Two Sundays ago, fewer than 10 players knelt prior to NFL games. This past Sunday, that number ballooned to more than 250.
With one comment, the President of the United States turned what was effectively a fringe movement with fading support into a full-blown rally. For the NFL, this is possibly the beginning of what could be the most difficult and crucial decision commissioner Roger Goddell will ever have to make.
In one ear he has at least a faction of players clamoring for the league’s involvement in social justice reform.
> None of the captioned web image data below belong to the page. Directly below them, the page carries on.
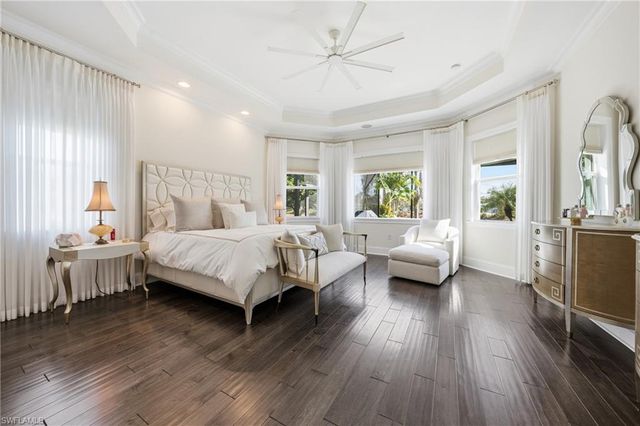 6312 Lyford Isle DR, Naples, FL 34113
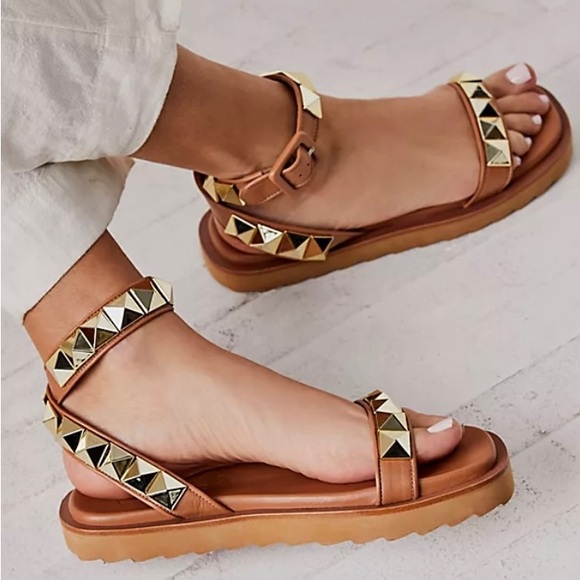 Free People Shoes - FREE PEOPLE VICENZA LEON STUDDED SANDALS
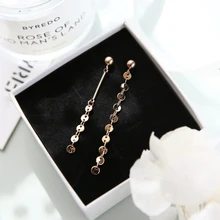 Yun ruo Асимметричная модная шпилька серьги женские роза с золотистым или титановым покрытием Сталь ювелирные изделия подарок для девочки вечерние никогда не выцветает;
In the other, a sizeable audience screaming, “Just stick to football!”
It’s a figurative minefield, one that Goodell must navigate expertly, lest he alienate his employees, his bill-paying audience or both.
Prior to Trump calling any NFL player kneeling during the national anthem a son of a bitch, four players sent a memo to Goodell asking for the league to get involved in “Player Activism for Racial Equality and Criminal Justice Reform.” Among the issues the effort seeks to address are “police transparency/accountability, bail reform, criminalization of poverty [and] mass incarceration.” The memo directly asks the NFL for its support “to achieve our goal of strengthening the community,” laying out several specifics:
• Working on “meaningful legislation” on the “need” for criminal justice reform.
• Financial support for local grassroots and community-based organizations that “are doing the real work to impact criminal justice reform.”
• Media opportunities to “share content (videos, PSAs featuring players) around specific issues we are trying to support.”
The memo also requests the NFL dedicate November to serve as a month of “Unity.” Similar to the way the league uses October to promote breast cancer awareness, the unity month would be dedicated to “a campaign initiative and related events,” according to the memo.
As opposed to sticking to football, the memo is asking the league to double, triple, quadruple its social justice efforts in the most public of ways.
While four players put their names to the memo – Malcom Jenkins, Anquan Boldin (now retired), Torrey Smith and Michael Bennett – another 40 or so support what’s behind it. But that was before Trump’s rally in Alabama, when the number of national anthem kneelers was somewhere in the single digits.
So what’s Goodell to do if the number of players signing the next memo grows exponentially, just as the protests did Sunday?
In comparison, delfate-gate is a relative walk in the park. As badly as Goodell screwed that up, the screw up was isolated to a single fan base that, more than anything, was galvanized in its support of Tom Brady. Rather than tune out, Patriots fans tuned in to watch their guy and their team stick it to Goodell.
The same can be said of Goodell’s handling of the Ezekiel Elliott case. Goodell may have managed to wrong both plaintiff and defendant, but Cowboys fans aren’t tuning out in droves to protest the commish’s handling of the ongoing case.
Unity Month sounds, well, unifying, except that many will focus on its origin (ie. Colin Kaepernick’s protest) and view it as the NFL caving to national anthem kneelers and kowtowing to a political agenda they don’t agree with. It’s an interpretation that would hit home for certain fans of every team in the league, and the only real way to voice displeasure about it would be to tune out.
This is where the NFL is headed. This is the labyrinth Roger Goodell, commissioner of a league that can’t determine what a catch is, must navigate.